• [What to produce] The answer must be an exact copy of the lines from the one containing "Wandervögel der Ortsgruppe" through the last line of the records, with the pictures left out.

• [Data supplied]
──────

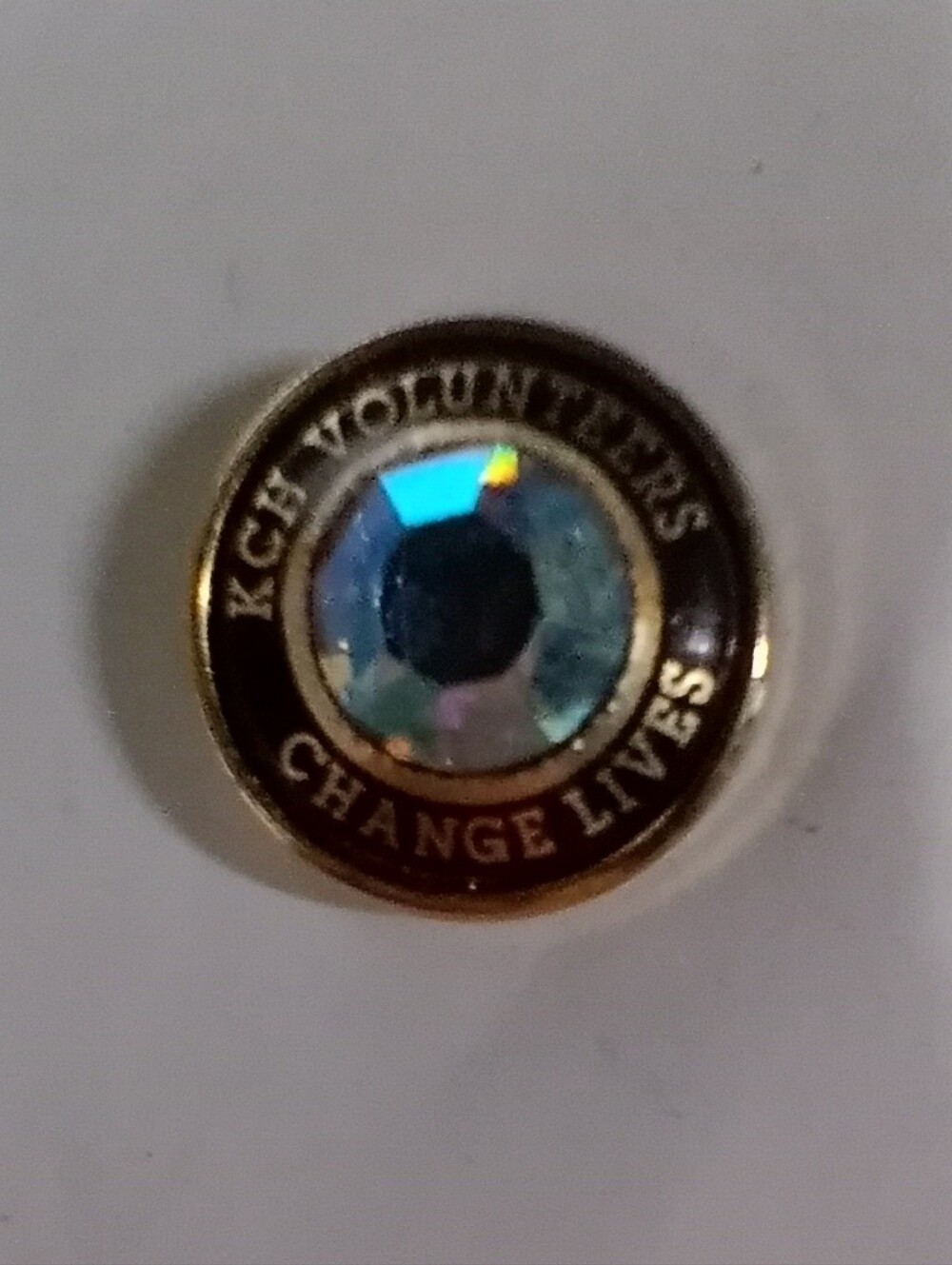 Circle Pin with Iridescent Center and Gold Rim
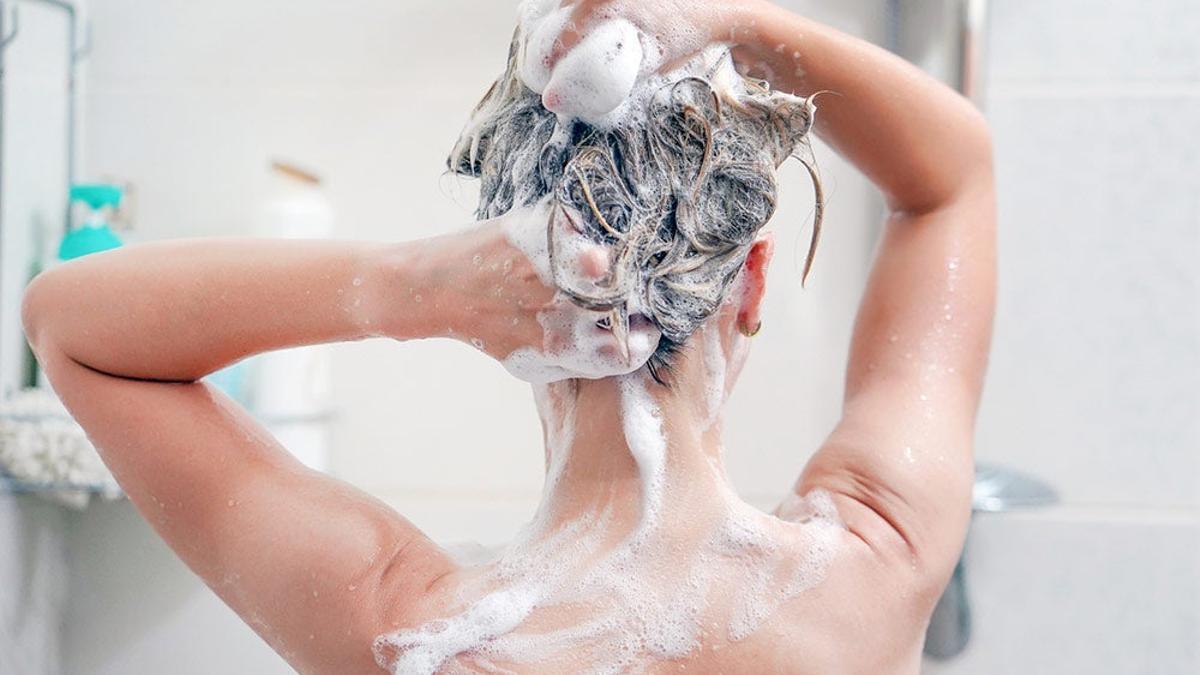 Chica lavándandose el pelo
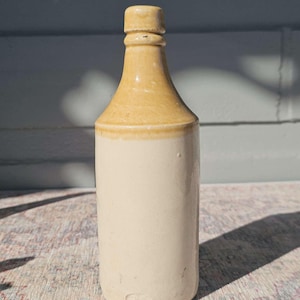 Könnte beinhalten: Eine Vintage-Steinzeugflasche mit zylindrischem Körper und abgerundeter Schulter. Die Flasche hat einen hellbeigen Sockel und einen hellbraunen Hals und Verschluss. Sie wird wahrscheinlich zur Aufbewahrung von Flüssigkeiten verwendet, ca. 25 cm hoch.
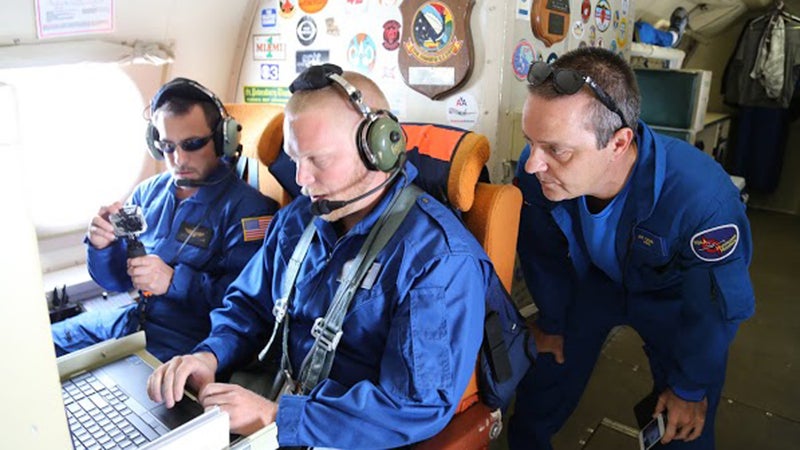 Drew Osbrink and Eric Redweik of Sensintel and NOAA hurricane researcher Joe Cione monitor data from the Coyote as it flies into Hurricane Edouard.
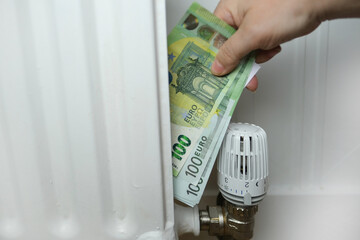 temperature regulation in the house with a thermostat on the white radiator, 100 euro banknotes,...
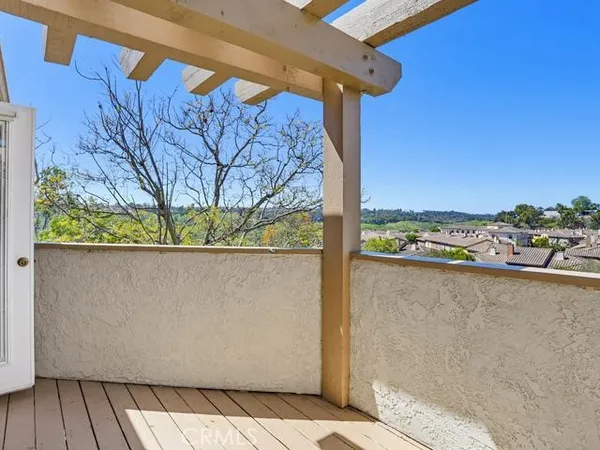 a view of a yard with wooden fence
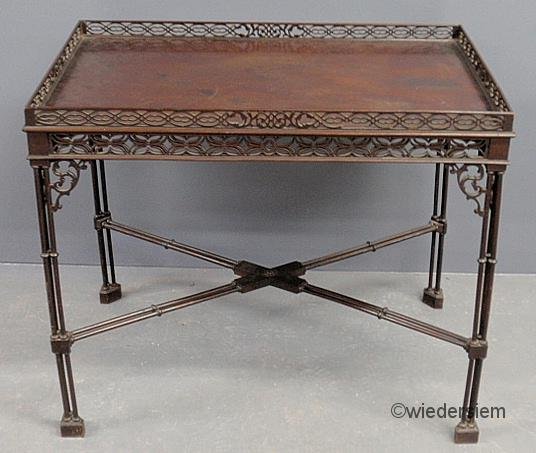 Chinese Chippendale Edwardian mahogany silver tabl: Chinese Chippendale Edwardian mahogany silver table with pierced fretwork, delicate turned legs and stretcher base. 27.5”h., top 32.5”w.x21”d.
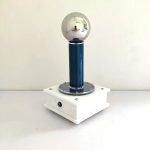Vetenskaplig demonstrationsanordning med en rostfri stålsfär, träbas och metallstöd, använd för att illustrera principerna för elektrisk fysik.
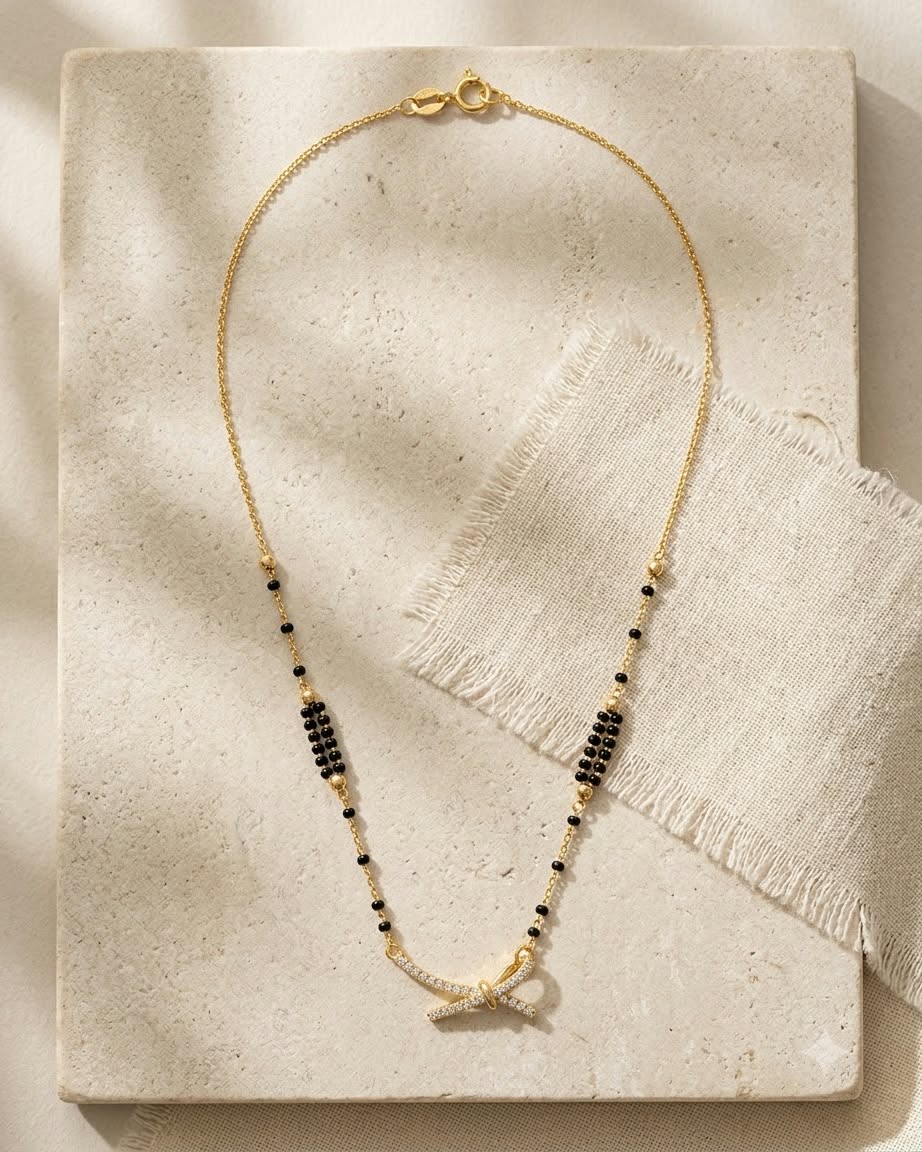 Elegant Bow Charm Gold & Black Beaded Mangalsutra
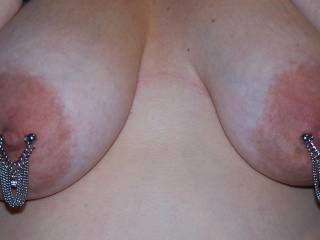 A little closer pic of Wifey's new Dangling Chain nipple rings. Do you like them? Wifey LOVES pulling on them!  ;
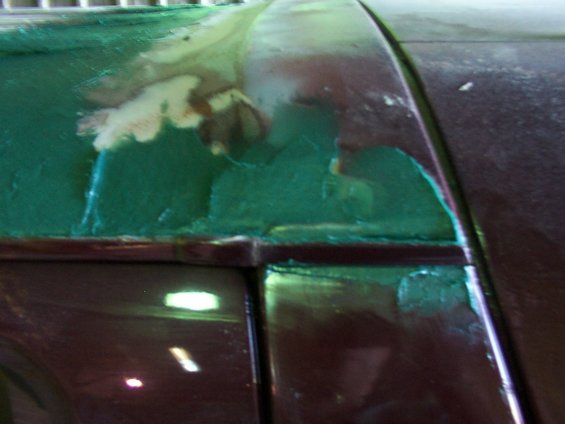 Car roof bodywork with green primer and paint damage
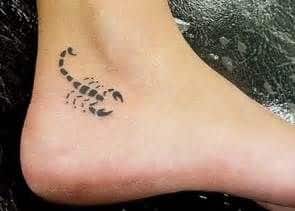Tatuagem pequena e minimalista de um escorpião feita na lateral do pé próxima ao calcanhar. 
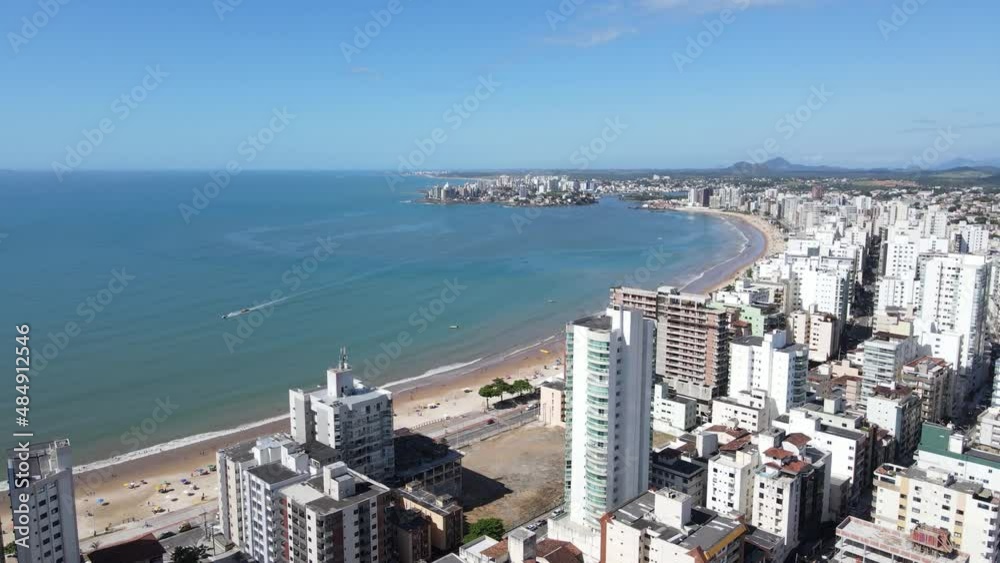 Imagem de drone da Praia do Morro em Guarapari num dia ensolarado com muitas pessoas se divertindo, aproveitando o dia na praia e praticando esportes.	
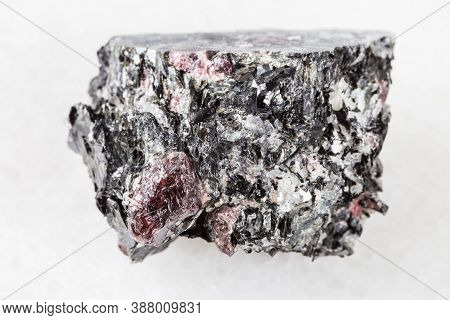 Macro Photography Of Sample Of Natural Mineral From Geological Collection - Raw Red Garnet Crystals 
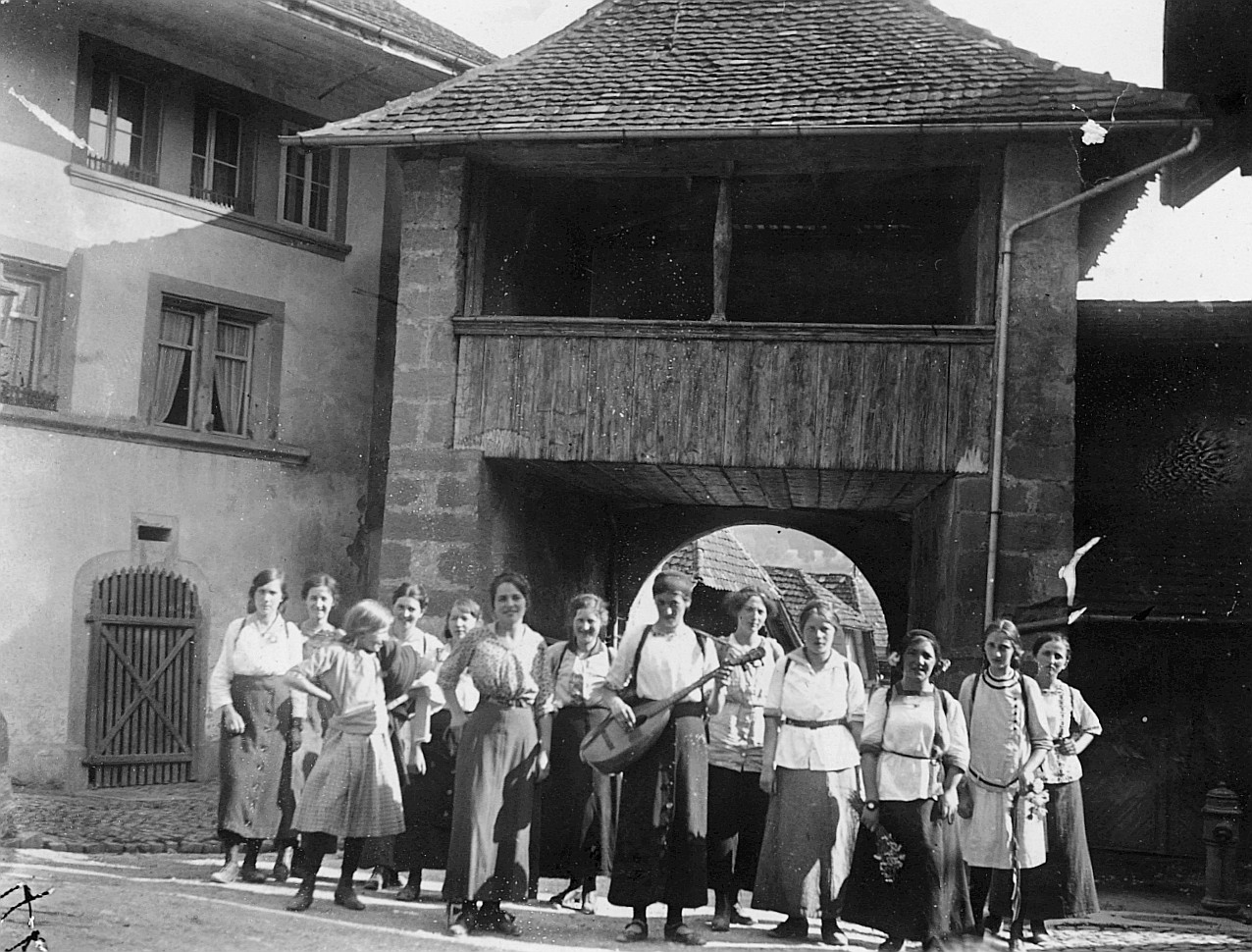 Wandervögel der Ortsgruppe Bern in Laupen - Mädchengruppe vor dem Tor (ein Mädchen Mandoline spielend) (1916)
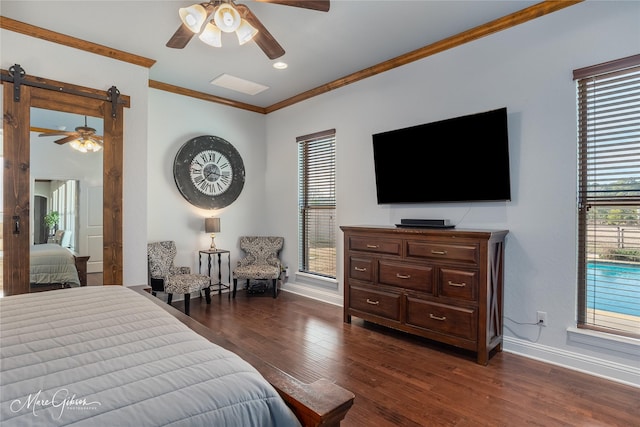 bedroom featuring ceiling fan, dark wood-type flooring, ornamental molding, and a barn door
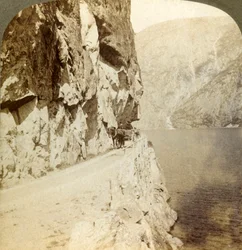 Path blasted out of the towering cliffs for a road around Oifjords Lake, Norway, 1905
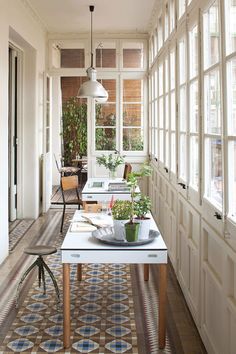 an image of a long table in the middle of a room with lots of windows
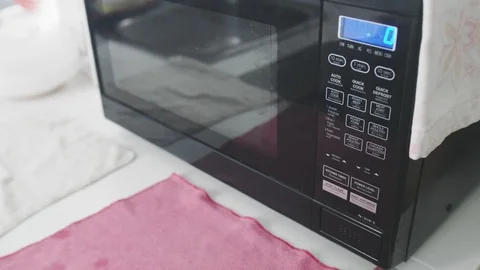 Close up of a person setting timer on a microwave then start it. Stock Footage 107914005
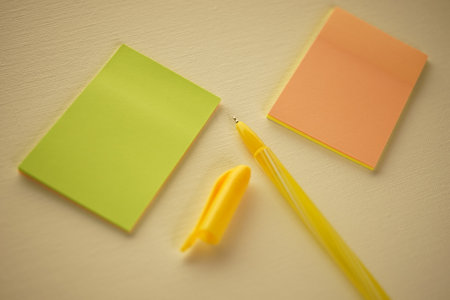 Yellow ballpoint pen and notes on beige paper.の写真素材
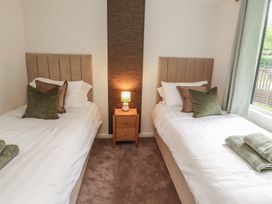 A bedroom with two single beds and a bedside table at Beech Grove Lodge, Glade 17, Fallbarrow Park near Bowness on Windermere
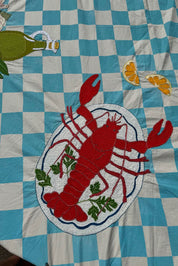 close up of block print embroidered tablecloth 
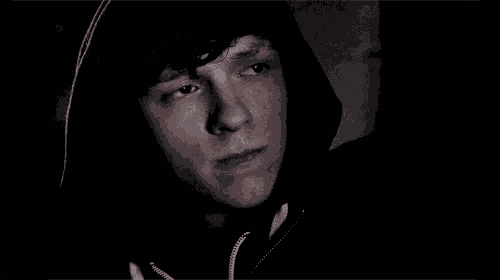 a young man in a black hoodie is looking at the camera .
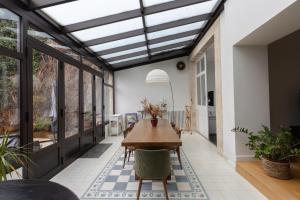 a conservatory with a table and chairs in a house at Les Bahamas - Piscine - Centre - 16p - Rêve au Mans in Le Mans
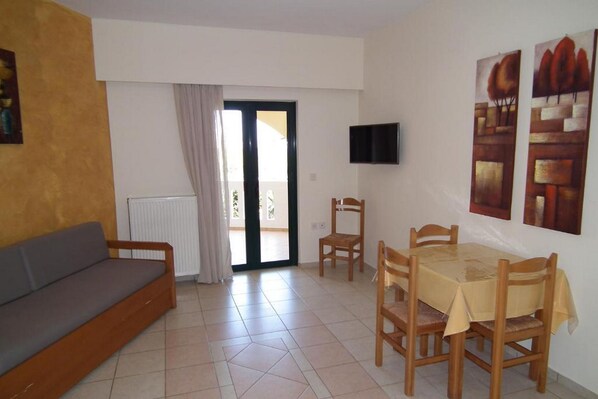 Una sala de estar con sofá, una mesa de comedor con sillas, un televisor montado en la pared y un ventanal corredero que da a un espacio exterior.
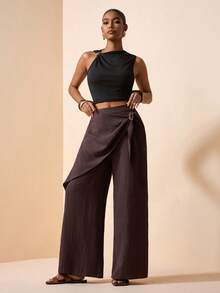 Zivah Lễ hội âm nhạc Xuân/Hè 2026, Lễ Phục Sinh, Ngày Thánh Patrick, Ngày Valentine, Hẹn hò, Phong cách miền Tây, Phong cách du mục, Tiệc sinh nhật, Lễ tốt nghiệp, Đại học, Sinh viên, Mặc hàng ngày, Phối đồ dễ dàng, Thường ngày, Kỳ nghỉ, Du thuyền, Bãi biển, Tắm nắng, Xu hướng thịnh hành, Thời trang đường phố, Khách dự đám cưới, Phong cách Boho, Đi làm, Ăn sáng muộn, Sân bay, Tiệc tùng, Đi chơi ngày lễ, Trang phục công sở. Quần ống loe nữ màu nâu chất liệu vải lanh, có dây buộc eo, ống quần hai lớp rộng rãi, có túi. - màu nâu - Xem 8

──────

• [Reply to the task]
 Wandervögel der Ortsgruppe Bern in Laupen - Mädchengruppe vor dem Tor (ein Mädchen Mandoline spielend) (1916)
 bedroom featuring ceiling fan, dark wood-type flooring, ornamental molding, and a barn door
 Path blasted out of the towering cliffs for a road around Oifjords Lake, Norway, 1905
 an image of a long table in the middle of a room with lots of windows
 Close up of a person setting timer on a microwave then start it. Stock Footage 107914005
 Yellow ballpoint pen and notes on beige paper.の写真素材
 A bedroom with two single beds and a bedside table at Beech Grove Lodge, Glade 17, Fallbarrow Park near Bowness on Windermere
 close up of block print embroidered tablecloth 
 a young man in a black hoodie is looking at the camera .
 a conservatory with a table and chairs in a house at Les Bahamas - Piscine - Centre - 16p - Rêve au Mans in Le Mans
 Una sala de estar con sofá, una mesa de comedor con sillas, un televisor montado en la pared y un ventanal corredero que da a un espacio exterior.
 Zivah Lễ hội âm nhạc Xuân/Hè 2026, Lễ Phục Sinh, Ngày Thánh Patrick, Ngày Valentine, Hẹn hò, Phong cách miền Tây, Phong cách du mục, Tiệc sinh nhật, Lễ tốt nghiệp, Đại học, Sinh viên, Mặc hàng ngày, Phối đồ dễ dàng, Thường ngày, Kỳ nghỉ, Du thuyền, Bãi biển, Tắm nắng, Xu hướng thịnh hành, Thời trang đường phố, Khách dự đám cưới, Phong cách Boho, Đi làm, Ăn sáng muộn, Sân bay, Tiệc tùng, Đi chơi ngày lễ, Trang phục công sở. Quần ống loe nữ màu nâu chất liệu vải lanh, có dây buộc eo, ống quần hai lớp rộng rãi, có túi. - màu nâu - Xem 8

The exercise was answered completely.